(Crawled caption data)
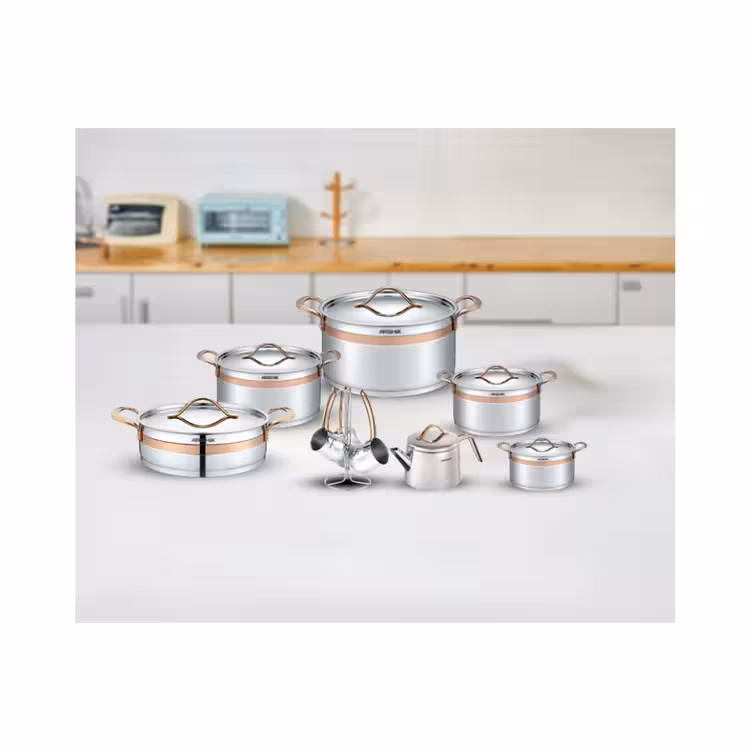 سرویس قابلمه استیل عرشیا مدل SS270-3280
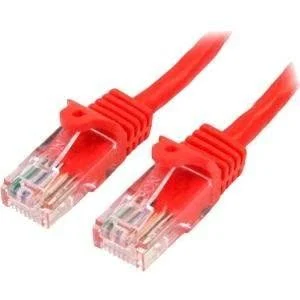 Cable De Red De 5M Rojo Cat5E Ethernet Sin Enganche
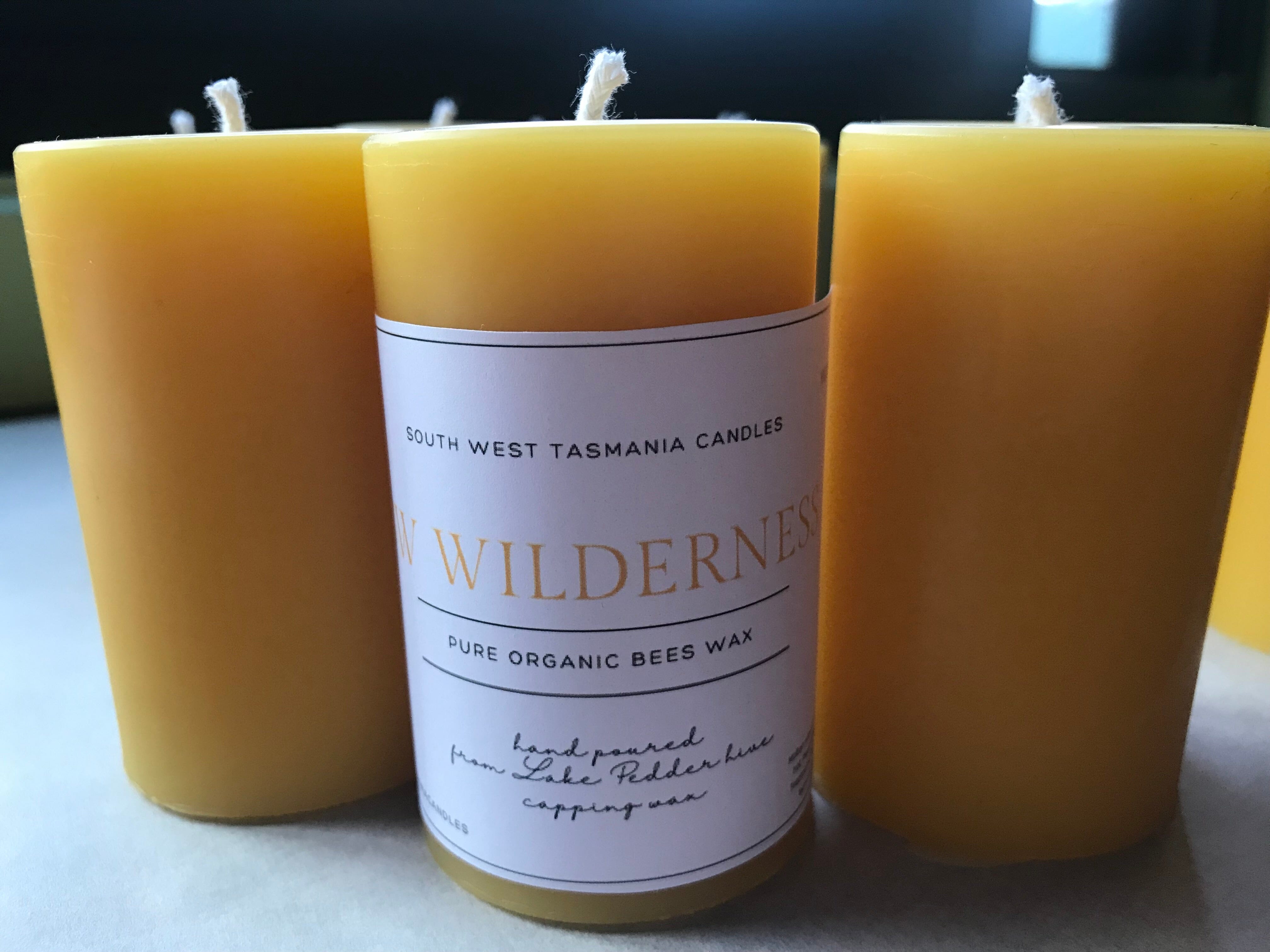 Wilderness Beeswax Candles - Tasmanian Candles The Spotted Quoll 
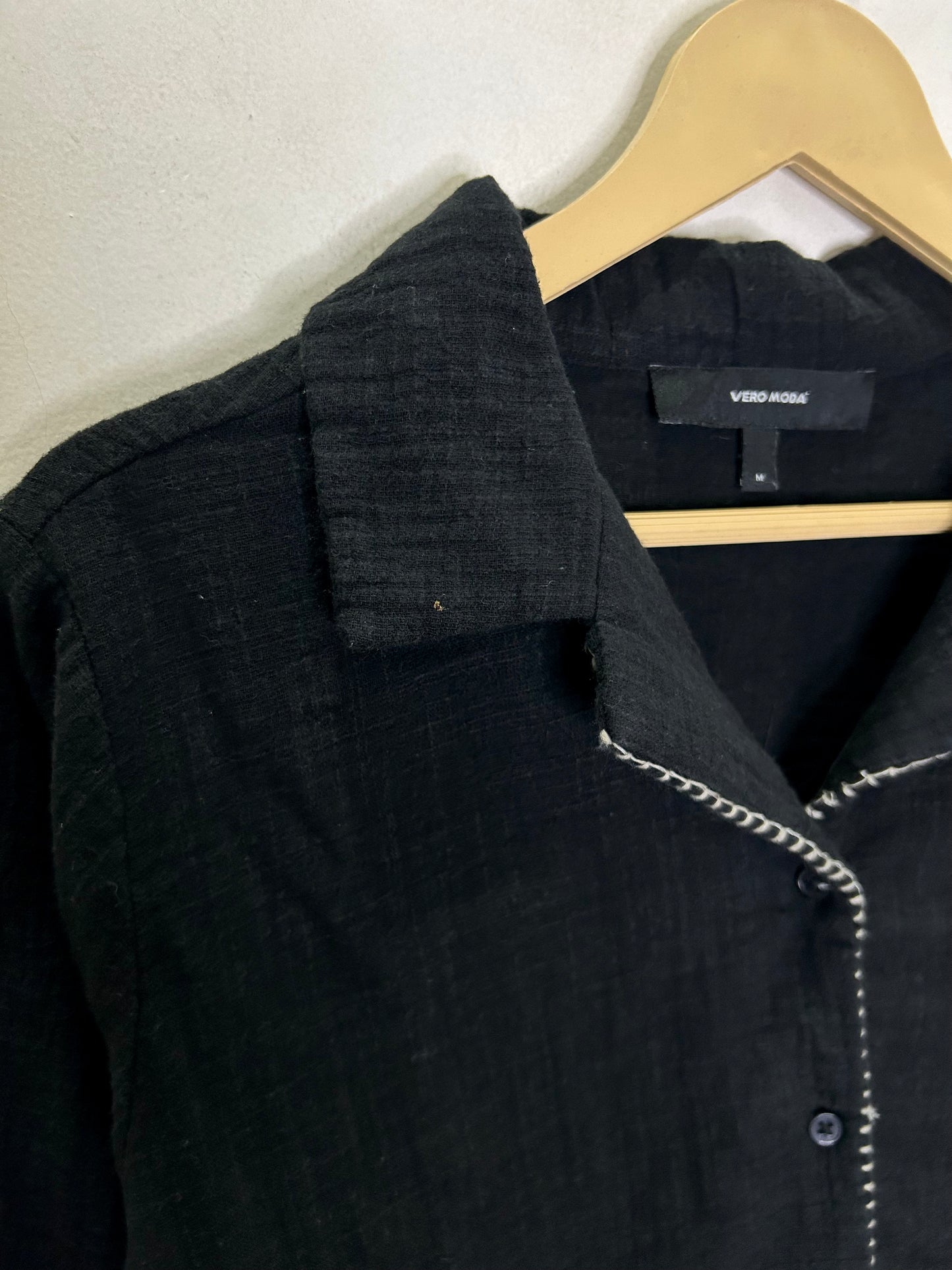 Black Embroidered Shirt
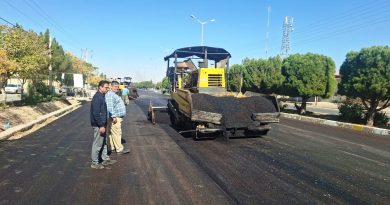 عملیات آسفالت ریزی بلوار امام رضا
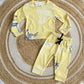 Baby Full Sleeve Co-ords Sets - Yellow Blossom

What you need to do → Output all the records above exactly, but without their images.

Result of this task →
 سرویس قابلمه استیل عرشیا مدل SS270-3280
 Cable De Red De 5M Rojo Cat5E Ethernet Sin Enganche
 Wilderness Beeswax Candles - Tasmanian Candles The Spotted Quoll 
 Black Embroidered Shirt
 عملیات آسفالت ریزی بلوار امام رضا
 Baby Full Sleeve Co-ords Sets - Yellow Blossom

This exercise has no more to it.